An Oxford historian captures a fascinating world history from an eastern perspective along the 6,400-km-long Silk Road network that connected eastern China and India to the Mediterranean Sea

Book Review: Retracing the Silk Route from 130 BC to 1453 AD

Rajiv Shirali
THE SILK ROADS
A New History of the World
Author: Peter Frankopan
Publisher: Bloomsbury
Pages: 636
Price: Rs 799

Peter Frankopan, a historian at Oxford University — where he is director of the Centre for Byzantine Research — tells a good story. The Silk Roads is about a subject that has fascinated him from boyhood, enabling him to produce a work that is full of enthralling anecdotal detail. Challenging the traditional narrative of history, which is West-centric, he shifts the centre of gravity eastwards — to a swathe of the world running broadly from the eastern shores of the Mediterranean and the Black Sea all the way to the Himalayas and beyond.

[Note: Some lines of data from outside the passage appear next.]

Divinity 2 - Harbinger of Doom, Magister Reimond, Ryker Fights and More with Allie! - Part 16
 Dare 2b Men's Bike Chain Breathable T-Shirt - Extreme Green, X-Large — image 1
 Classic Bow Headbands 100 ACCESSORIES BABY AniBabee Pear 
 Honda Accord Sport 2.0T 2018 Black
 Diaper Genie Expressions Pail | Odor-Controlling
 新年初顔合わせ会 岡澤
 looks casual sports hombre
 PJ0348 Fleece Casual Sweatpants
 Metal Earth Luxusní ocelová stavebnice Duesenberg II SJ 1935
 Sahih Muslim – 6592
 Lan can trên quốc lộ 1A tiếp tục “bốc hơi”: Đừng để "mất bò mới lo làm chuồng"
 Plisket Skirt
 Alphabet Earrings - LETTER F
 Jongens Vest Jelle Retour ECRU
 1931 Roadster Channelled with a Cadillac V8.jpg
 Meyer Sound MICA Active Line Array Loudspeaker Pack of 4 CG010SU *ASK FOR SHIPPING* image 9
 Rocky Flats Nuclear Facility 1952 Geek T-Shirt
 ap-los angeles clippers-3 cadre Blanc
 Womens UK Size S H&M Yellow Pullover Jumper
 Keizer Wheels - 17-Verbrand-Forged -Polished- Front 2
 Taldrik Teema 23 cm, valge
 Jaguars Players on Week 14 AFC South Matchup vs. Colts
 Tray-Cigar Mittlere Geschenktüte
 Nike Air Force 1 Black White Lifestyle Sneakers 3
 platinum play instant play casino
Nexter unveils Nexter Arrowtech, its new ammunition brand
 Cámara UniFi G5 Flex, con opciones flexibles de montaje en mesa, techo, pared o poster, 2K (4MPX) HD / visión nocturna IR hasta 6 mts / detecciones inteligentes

The book is also well timed, coming as it does when China is vigorously promoting its “One Belt, One Road” (OBOR) initiative, which Frankopan cites in support of his argument that a 21st century avatar of the Silk Roads is rapidly coming into being — the result of a well-planned Chinese strategy.    

The accepted history of civilisation that the author sets out to counter is, in the words of the anthropologist Eric Wolf (quoted by the author), one where “Ancient Greece begat Rome, Rome begat Christian Europe, Christian Europe begat the Renaissance, the Renaissance the Enlightenment, the Enlightenment political democracy and the industrial revolution. Industry crossed with democracy in turn yielded the United States, embodying the rights to life, liberty and the pursuit of happiness”. And counter it he does, for the most part with great panache.   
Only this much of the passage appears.